## Work item
Having found the line that contains "Продам санки в отличном состоянии", please retype only it and every line after it up to the end of the entries, exactly as written.

## Source information
◇ ◇ ◇

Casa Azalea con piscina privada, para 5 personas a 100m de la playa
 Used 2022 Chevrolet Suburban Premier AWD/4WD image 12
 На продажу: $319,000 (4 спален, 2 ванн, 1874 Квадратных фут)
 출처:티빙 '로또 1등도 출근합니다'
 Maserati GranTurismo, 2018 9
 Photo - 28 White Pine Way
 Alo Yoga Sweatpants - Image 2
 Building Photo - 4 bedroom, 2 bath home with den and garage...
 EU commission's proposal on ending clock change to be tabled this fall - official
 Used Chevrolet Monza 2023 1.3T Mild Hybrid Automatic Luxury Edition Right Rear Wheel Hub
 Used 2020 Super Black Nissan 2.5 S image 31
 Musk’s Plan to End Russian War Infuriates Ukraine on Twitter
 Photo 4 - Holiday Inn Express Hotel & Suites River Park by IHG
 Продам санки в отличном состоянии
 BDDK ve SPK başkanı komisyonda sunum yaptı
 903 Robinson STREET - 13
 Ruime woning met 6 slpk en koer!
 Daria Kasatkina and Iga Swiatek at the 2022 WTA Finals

◇ ◇ ◇

## Written solution
 Продам санки в отличном состоянии
 BDDK ve SPK başkanı komisyonda sunum yaptı
 903 Robinson STREET - 13
 Ruime woning met 6 slpk en koer!
 Daria Kasatkina and Iga Swiatek at the 2022 WTA Finals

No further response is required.